Shutting down the gene appears to set the thermostat on high, so the body rapidly burns off excess biochemical energy instead of transferring it to long-term storage, as fat.
One reason the c-Cbl gene's role in energy metabolism was unsuspected is that it codes for a ubiquitin ligase -- an enzyme that 'tags' unwanted proteins, marking them for destruction by the body's cellular waste-disposal systems.
The challenge now is to identify which of the proteins it is marking for disposal to modulate energy metabolism -- James' suspicion is that its target is a receptor tyrosine kinase, a cellular 'switch' that activates the body thermostat. If this is the case, silencing c-Cbl would up-regulate the expression of the receptor tyrosine kinase, setting the thermostat on high to burn fat.
While there are early indications that c-Cbl main effect is to switch muscle metabolism into thermogenesis, James says there is an exciting possibility that the muscles are merely the downstream target for a signal originating in the brain - in the hypothalamus, the centre of basic drives, including appetite.
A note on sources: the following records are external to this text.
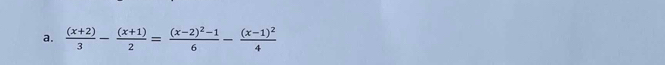  ((x+2))/3 - ((x+1))/2 =frac (x-2)^2-16-frac (x-1)^24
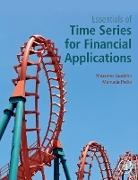 Massimo Guidolin, Massimo (Bocconi University Guidolin, Massimo/ Pedio Guidolin, Guidolin Massimo, Manuela Pedio, Manuela (Bocconi University Pedio... - Essentials of Time Series for Financial Applications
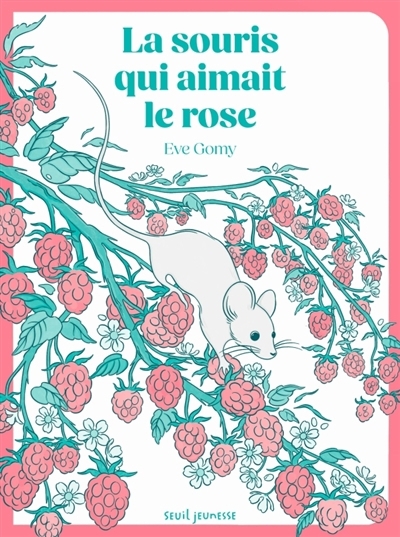 souris qui aimait le rose (La) | Gomy, Eve (Auteur)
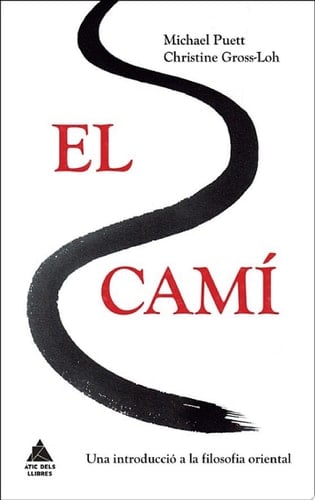 El camí Una introducció a la filosofia oriental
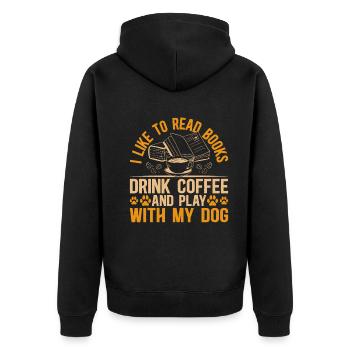 Cute Dog Lover - I Like To Read Books And Play Wit - Unisex Premium Organic Zip Hoodie - black - Back - Nico (187cm)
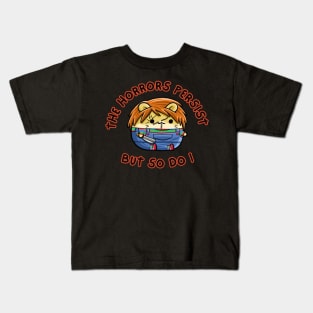 The Horrors Persist But So Do I Kids T-Shirt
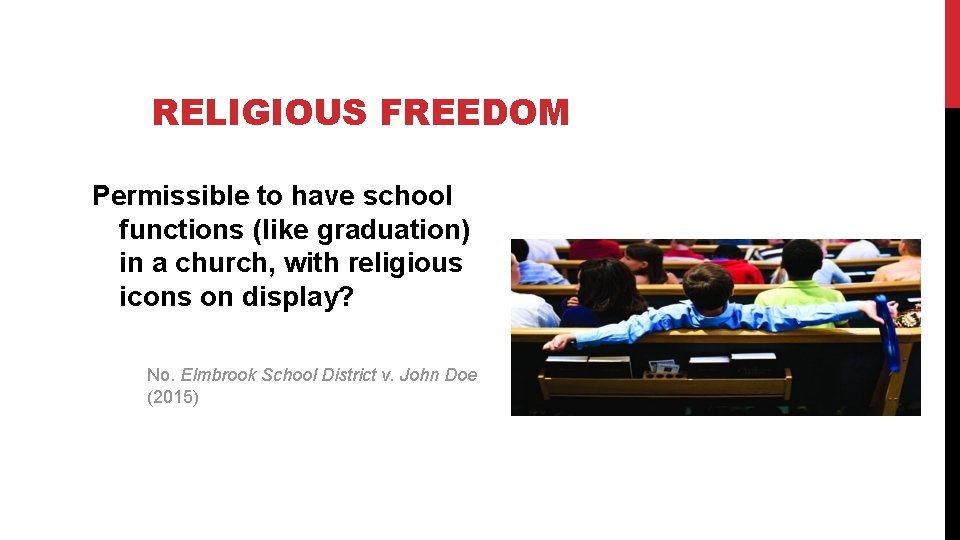 RELIGIOUS FREEDOM Permissible to have school functions (like graduation) in a church, with religious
"A lot of the emphasis in metabolic research is now switching to the brain," he said. "We're focusing on skeletal muscle, but we're cognizant of the possibility that the effect may originate in the brain.
"There's a lot more going on in the hypothalamus than appetite regulation -- it could be that thermogenesis is centrally programmed, in the brain. An interesting way of thinking about the significance of this discovery is to ask whether overeating turns on the pathways that normally control weight, or does it switch them off?"
Asked if the c-Cbl knockout mouse might have a parallel in some variant of a human gene that allows a lucky few people to eat as much as they like without gaining weight, James said, "Why would we doubt it? We know such people exist, and that there must be a molecular basis to their high metabolic rate."